That would actually happen on the instruction that tried to set RIP to a non-canonical value in the first place, likely an iret or sysret1.


On systems with 48-bit virtual addresses, zero to 0000_7fff_ffff_ffff is the full lower half of virtual address space when represented as a sign-extended 64-bit value.

On systems with PML5 supported (and used by the kernel), virtual addresses are 57 bits wide, so
zero to 00ff_ffff_ffff_ffff is the low-half canonical range.

See https://www.kernel.org/doc/Documentation/x86/x86_64/mm.txt - the first row is the user-space range. (It talks about "56 bit" virtual addresses. That's incorrect or misleading, PML5 is 57-bit, an extra full level of page tables with 9 bits per level. So the low half is 56 bits with a 0 in the 57th and the high half is 56 bits with a 1 in the 57th.)

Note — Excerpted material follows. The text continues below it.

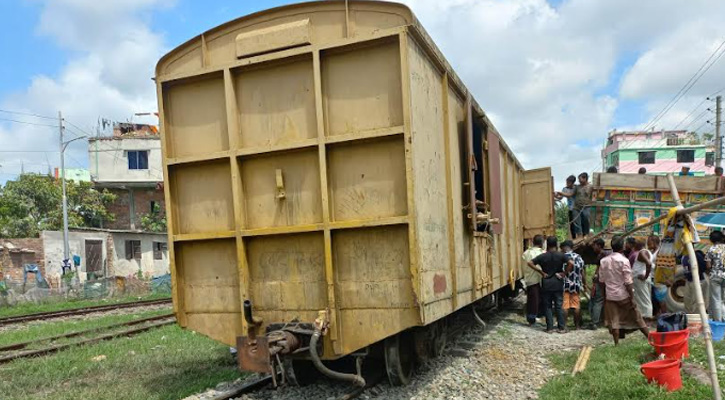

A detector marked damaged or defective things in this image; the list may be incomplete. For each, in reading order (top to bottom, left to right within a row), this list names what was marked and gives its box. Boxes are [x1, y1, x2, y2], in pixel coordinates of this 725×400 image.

rusty wagon end wall [156, 0, 552, 360]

========================================================================================================================
    Start addr    |   Offset   |     End addr     |  Size   | VM area description
========================================================================================================================
                  |            |                  |         |
 0000000000000000 |    0       | 00007fffffffffff |  128 TB | user-space virtual memory, different per mm
__________________|____________|__________________|_________|___________________________________________________________
                  |            |                  |         |
 0000800000000000 | +128    TB | ffff7fffffffffff | ~16M TB | ... huge, almost 64 bits wide hole of non-canonical
                  |            |                  |         |     virtual memory addresses up to the -128 TB
                  |            |                  |         |     starting offset of kernel mappings.
__________________|____________|__________________|_________|___________________________________________________________
                                                            |
                                                            | Kernel-space virtual memory, shared between all processes:
...

Or for PML5:

 0000000000000000 |    0       | 00ffffffffffffff |   64 PB | user-space virtual memory, different per mm
__________________|____________|__________________|_________|___________________________________________________________
                  |            |                  |         |
 0000800000000000 |  +64    PB | ffff7fffffffffff | ~16K PB | ... huge, still almost 64 bits wide hole of non-canonical
                  |            |                  |         |     virtual memory addresses up to the -64 PB
                  |            |                  |         |     starting offset of kernel mappings.

Footnote 1:
As prl points out, this design allows an implementation to literally only have 48 actual bits to store RIP values anywhere in the pipeline, except jumps and detecting signed overflow in case execution runs off the end into non-canonical territory. (Maybe saving transistors in every place that has to store a uop, which needs to know its own address.) Unlike if you could jump / iret to an arbitrary RIP, and then the #GP(0) exception would have to push the correct 64-bit non-canonical address, which would mean the CPU would have to remember it temporarily.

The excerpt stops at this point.